In a survey, 90 Wistar rats were randomly divided into 6 groups (15 rats per group): CRF group, I/R group, comorbid group (CRF + I/R), IPOC group, IPOC + GXN group and the sham group. Changes in blood myocardial injury markers, urea, and creatinine were analyzed. Heart tissues were harvested for histomorphometry and western blotting when rats were sacrificed. Myocardial infarction area was measured by Evans blue and Triphenyltetrazolium chloride solution staining. The expressions of mitochondrial fission relative proteins (DRP1 and FIS1) and mitochondrial fusion relative proteins (OPA1 and MFN1) were detected by western blotting.
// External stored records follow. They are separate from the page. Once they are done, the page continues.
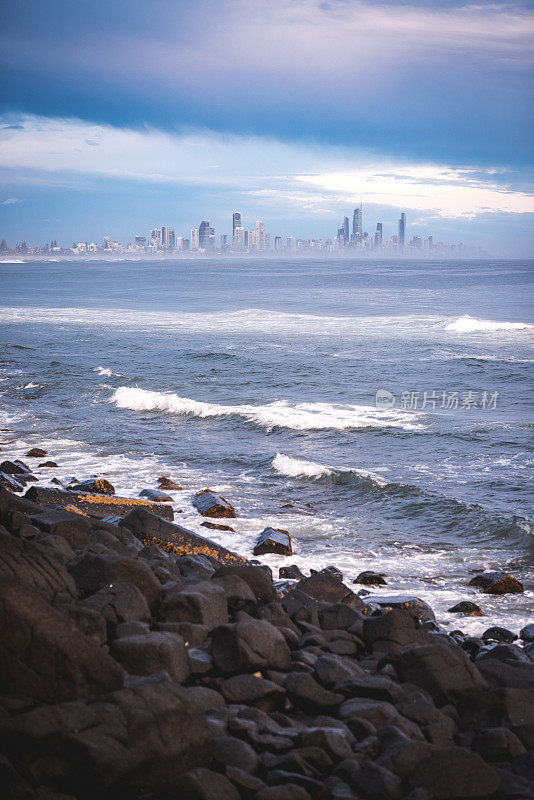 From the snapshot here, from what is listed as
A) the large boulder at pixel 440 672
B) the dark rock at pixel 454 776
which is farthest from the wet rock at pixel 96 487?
the dark rock at pixel 454 776

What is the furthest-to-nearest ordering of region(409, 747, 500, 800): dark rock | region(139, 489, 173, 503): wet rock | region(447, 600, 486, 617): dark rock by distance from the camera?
region(139, 489, 173, 503): wet rock, region(447, 600, 486, 617): dark rock, region(409, 747, 500, 800): dark rock

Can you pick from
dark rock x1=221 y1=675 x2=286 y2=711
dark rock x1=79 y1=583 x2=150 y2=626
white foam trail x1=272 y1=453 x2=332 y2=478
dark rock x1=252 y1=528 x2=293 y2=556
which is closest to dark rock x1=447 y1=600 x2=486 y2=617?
dark rock x1=252 y1=528 x2=293 y2=556

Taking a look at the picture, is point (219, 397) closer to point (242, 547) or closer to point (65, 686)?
point (242, 547)

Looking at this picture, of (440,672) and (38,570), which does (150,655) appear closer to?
(38,570)

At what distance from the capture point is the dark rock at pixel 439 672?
18.8 feet

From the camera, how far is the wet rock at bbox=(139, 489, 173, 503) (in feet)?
44.1

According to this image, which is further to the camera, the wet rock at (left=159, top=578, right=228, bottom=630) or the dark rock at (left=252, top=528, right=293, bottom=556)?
the dark rock at (left=252, top=528, right=293, bottom=556)

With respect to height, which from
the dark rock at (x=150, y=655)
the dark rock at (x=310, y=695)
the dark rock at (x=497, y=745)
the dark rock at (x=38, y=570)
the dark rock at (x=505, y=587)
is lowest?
the dark rock at (x=505, y=587)

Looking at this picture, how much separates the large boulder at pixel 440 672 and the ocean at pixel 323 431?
2878mm

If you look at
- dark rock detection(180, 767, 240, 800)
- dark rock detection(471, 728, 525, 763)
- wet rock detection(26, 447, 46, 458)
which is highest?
dark rock detection(180, 767, 240, 800)

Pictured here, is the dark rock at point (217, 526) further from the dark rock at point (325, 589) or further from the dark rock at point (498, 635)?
the dark rock at point (498, 635)

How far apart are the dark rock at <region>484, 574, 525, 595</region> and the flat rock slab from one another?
5.26 meters

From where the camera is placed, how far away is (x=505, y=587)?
992 cm

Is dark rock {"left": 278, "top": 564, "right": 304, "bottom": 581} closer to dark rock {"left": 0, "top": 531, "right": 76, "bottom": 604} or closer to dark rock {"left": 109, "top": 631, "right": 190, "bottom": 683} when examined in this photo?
dark rock {"left": 0, "top": 531, "right": 76, "bottom": 604} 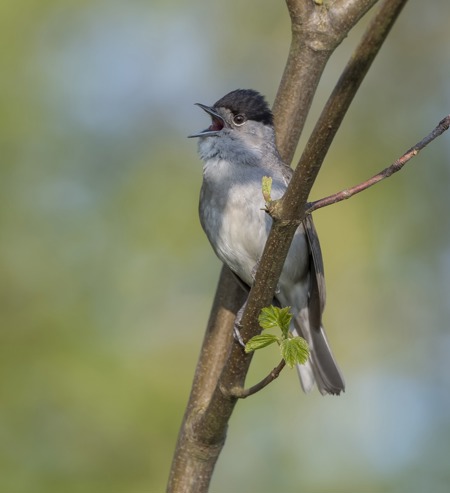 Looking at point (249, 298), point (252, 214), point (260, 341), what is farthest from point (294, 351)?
point (252, 214)

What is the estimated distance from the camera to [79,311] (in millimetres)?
6352

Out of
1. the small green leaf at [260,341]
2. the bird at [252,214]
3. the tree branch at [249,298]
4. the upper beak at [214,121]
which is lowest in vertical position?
the small green leaf at [260,341]

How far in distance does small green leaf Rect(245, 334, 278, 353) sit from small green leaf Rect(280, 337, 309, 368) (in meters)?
0.05

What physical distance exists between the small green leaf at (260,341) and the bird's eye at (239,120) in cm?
277

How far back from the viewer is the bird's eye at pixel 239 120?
5695 millimetres

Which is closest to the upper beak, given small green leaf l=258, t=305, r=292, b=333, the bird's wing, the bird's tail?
the bird's wing

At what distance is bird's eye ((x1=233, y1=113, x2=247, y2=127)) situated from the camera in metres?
5.70

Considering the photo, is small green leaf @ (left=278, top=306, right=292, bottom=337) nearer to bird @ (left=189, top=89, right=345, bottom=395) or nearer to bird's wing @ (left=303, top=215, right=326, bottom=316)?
bird @ (left=189, top=89, right=345, bottom=395)

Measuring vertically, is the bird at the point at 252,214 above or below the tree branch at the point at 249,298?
above

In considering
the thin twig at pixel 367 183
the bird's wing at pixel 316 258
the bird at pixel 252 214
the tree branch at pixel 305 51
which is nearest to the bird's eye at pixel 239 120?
the bird at pixel 252 214

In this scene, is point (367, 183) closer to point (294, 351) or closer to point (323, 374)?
point (294, 351)

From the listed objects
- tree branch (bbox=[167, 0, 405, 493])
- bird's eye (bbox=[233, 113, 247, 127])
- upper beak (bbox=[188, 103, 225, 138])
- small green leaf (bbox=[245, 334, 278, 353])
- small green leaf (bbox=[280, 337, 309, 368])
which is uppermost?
upper beak (bbox=[188, 103, 225, 138])

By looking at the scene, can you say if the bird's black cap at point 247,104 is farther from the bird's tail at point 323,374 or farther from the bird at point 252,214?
the bird's tail at point 323,374

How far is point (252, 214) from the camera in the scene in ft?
16.9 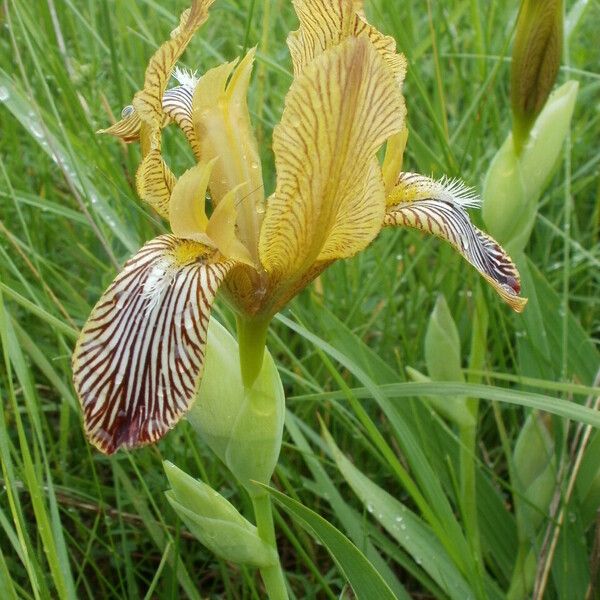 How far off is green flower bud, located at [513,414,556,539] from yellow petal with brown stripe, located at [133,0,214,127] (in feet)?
2.82

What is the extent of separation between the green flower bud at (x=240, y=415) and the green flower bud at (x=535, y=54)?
68 centimetres

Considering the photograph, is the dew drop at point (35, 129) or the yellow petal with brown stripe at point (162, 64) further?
the dew drop at point (35, 129)

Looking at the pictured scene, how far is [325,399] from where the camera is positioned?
1316mm

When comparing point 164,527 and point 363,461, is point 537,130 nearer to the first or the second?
point 363,461

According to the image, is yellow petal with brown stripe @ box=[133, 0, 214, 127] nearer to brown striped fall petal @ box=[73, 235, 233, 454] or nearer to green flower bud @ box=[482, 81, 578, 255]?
brown striped fall petal @ box=[73, 235, 233, 454]

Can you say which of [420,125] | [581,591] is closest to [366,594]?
[581,591]

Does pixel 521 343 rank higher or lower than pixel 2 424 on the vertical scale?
lower

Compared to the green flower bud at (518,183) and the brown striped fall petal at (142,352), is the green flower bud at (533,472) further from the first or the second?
the brown striped fall petal at (142,352)

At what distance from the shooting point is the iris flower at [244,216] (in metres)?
0.79

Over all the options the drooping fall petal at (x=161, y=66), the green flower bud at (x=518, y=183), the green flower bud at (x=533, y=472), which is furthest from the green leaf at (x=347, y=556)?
the green flower bud at (x=518, y=183)

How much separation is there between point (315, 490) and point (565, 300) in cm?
50

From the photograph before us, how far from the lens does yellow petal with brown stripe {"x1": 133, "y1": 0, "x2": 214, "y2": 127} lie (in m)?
0.90

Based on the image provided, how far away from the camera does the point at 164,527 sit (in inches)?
47.8

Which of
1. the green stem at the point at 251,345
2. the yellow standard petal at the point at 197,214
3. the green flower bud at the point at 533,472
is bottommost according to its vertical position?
the green flower bud at the point at 533,472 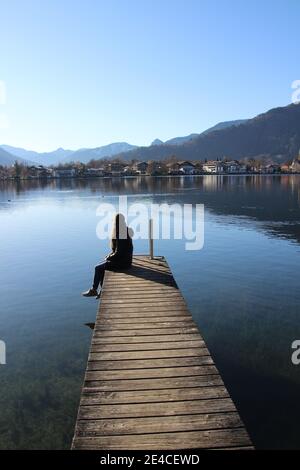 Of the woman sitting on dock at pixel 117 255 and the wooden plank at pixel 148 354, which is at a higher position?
the woman sitting on dock at pixel 117 255

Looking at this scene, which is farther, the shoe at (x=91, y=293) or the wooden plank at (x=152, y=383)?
the shoe at (x=91, y=293)

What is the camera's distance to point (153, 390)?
793cm

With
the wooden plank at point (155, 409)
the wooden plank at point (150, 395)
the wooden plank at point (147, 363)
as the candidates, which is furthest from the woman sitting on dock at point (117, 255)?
the wooden plank at point (155, 409)

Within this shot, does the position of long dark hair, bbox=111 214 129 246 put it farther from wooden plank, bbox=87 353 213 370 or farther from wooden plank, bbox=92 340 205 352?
wooden plank, bbox=87 353 213 370

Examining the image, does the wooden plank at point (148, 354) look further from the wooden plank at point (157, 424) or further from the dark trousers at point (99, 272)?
the dark trousers at point (99, 272)

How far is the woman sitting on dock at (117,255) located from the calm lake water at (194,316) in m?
1.39

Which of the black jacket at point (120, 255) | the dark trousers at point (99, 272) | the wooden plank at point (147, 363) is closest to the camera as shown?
the wooden plank at point (147, 363)

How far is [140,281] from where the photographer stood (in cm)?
1655

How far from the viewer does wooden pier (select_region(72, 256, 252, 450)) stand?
6.52 meters

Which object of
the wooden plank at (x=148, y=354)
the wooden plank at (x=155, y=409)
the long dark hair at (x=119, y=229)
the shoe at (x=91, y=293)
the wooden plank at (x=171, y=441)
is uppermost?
the long dark hair at (x=119, y=229)

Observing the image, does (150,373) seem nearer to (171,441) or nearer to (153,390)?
(153,390)

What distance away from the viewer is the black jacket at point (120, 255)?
1786 cm

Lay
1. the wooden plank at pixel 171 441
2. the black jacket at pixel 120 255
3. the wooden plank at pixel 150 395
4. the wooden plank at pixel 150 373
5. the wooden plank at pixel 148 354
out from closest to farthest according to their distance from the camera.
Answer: the wooden plank at pixel 171 441 → the wooden plank at pixel 150 395 → the wooden plank at pixel 150 373 → the wooden plank at pixel 148 354 → the black jacket at pixel 120 255

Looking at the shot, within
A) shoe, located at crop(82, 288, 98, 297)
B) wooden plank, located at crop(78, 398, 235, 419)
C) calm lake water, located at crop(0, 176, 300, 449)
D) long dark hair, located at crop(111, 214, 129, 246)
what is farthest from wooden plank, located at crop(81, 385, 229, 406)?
shoe, located at crop(82, 288, 98, 297) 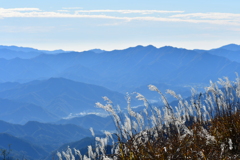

IPOC could significantly decrease myocardial injury markers and myocardial area of necrosis (AN)/area at risk (AAR) of the comorbid model rats. Further results showed that GXN combined with IPOC could significantly reduce CK-MB levels and myocardial AN/AAR in comorbid model rats compared with the IPOC group. Meanwhile, both IPOC and IPOC + GXN significantly reduced DRP1 levels and increased the MFN1 and OPA1 protein levels in the comorbid model rats. However, compared with the IPOC group, MFN1 and OPA1 protein levels increased significantly in the IPOC + GXN group.
Extracts of DS and CX combined with IPOC exert a protective effect against myocardial I/R injury in rats with CRF, mediated by increased expression of mitochondrial fusion proteins (MFN1 and OPA1).